Required action :: Begin at the line below that has "Load image into". Stop after the line that has "KanCan Maternity Kaylie-Ray", repeating each line exactly and leaving out the pictures.

Available data ::
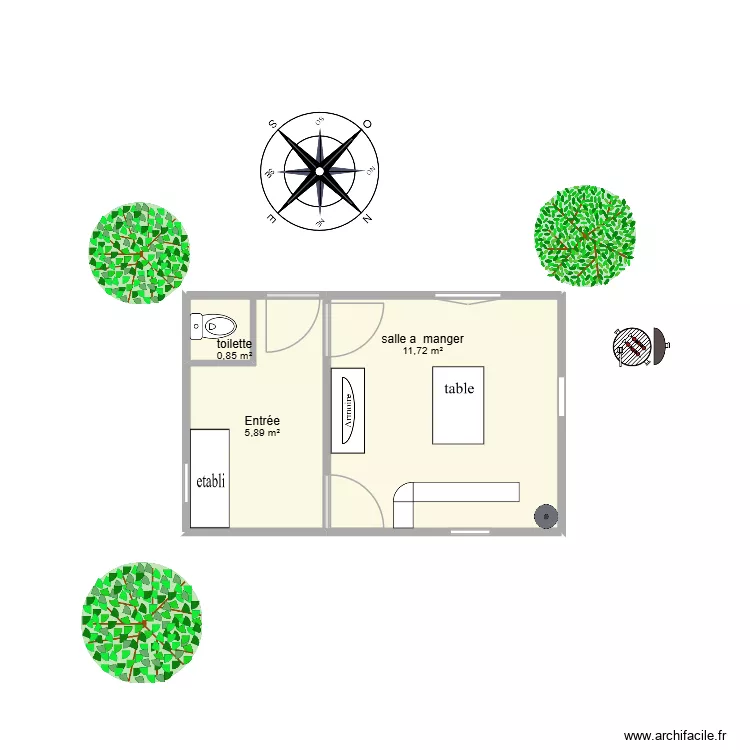 choutet,reboux. Plan de 3  et 18 m²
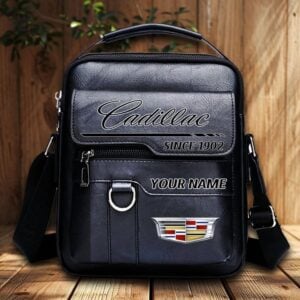 Cadillac Custom Name Men Leather Crossbody Bag, Cell Phone Purse, Zipper Shoulder Bag VS03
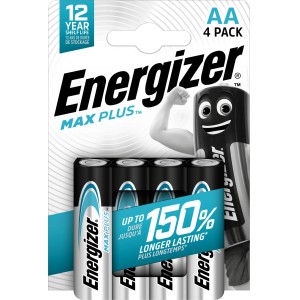 Confezione da 4 batterie alcaline AA Energizer Max Plus. Energia a lunga durata per dispositivi ad alta potenza.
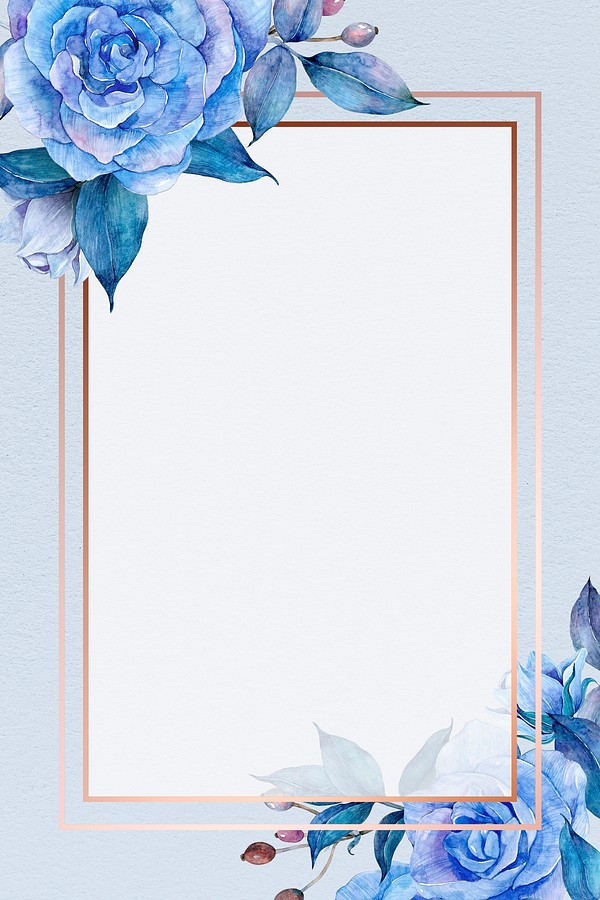 Blue floral gold frame design | Premium PSD - rawpixel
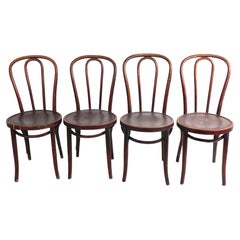 4pc, Antique Thonet Bentwood Dining Chairs Model 18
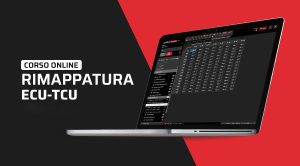 Black and red background with a laptop and the title of the course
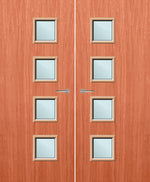 Load image into Gallery viewer, Cherry Veneer 26G Glazed Pair FD30 Internal Fire Door
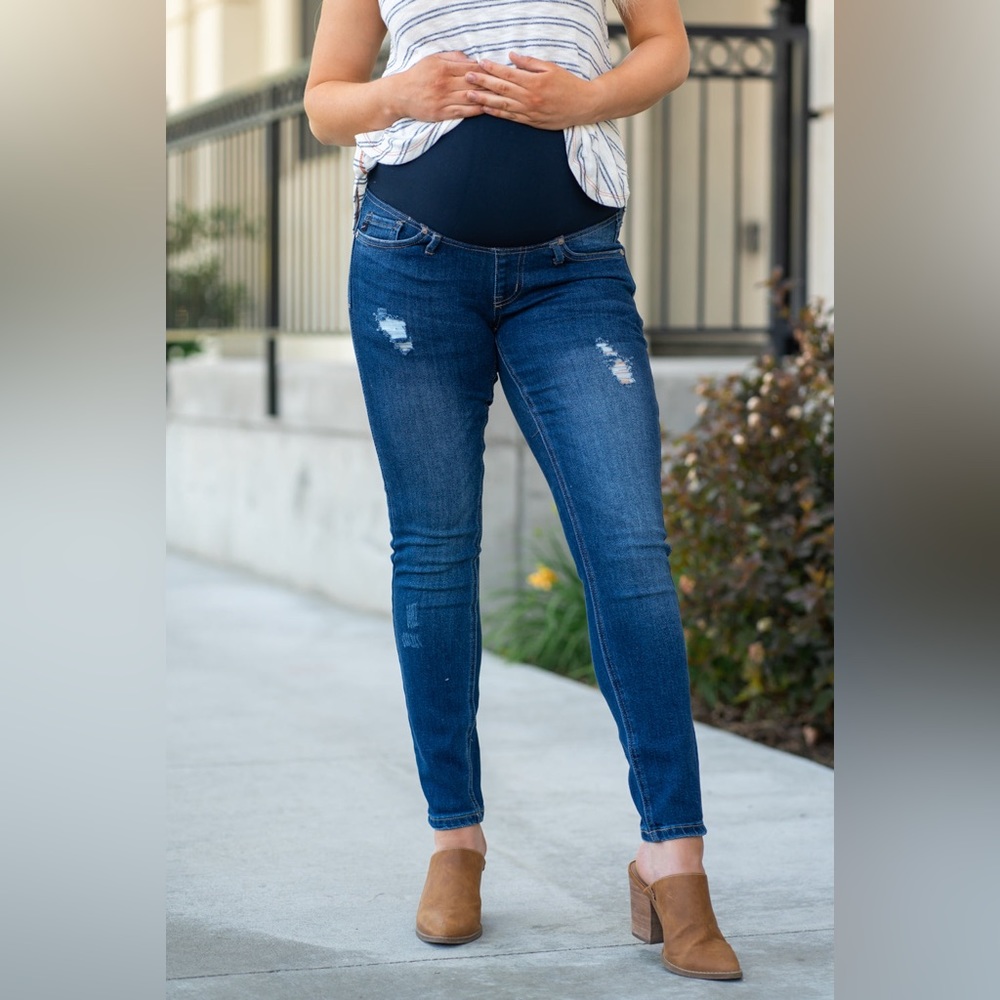 KanCan Maternity Kaylie-Ray Maternity Fringe Skinny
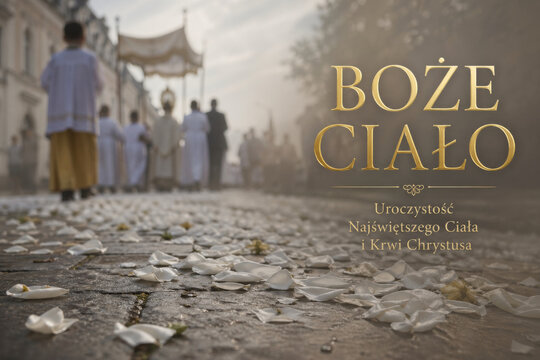 Polish Corpus Christi procession banner with Polish text Boże Ciało meaning Body of Christ, flower petals on cobblestone street, clergy procession, copy space background for Catholic holiday
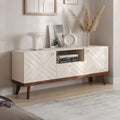 Mobile TV consolle scandinavo di metà secolo con cassetto e 3 ante – Beige / Grigio / Bianco / Marrone, Singolo, Adatto a TV fino a 65"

Final answer ::
 Load image into Gallery viewer, Cherry Veneer 26G Glazed Pair FD30 Internal Fire Door
 KanCan Maternity Kaylie-Ray Maternity Fringe Skinny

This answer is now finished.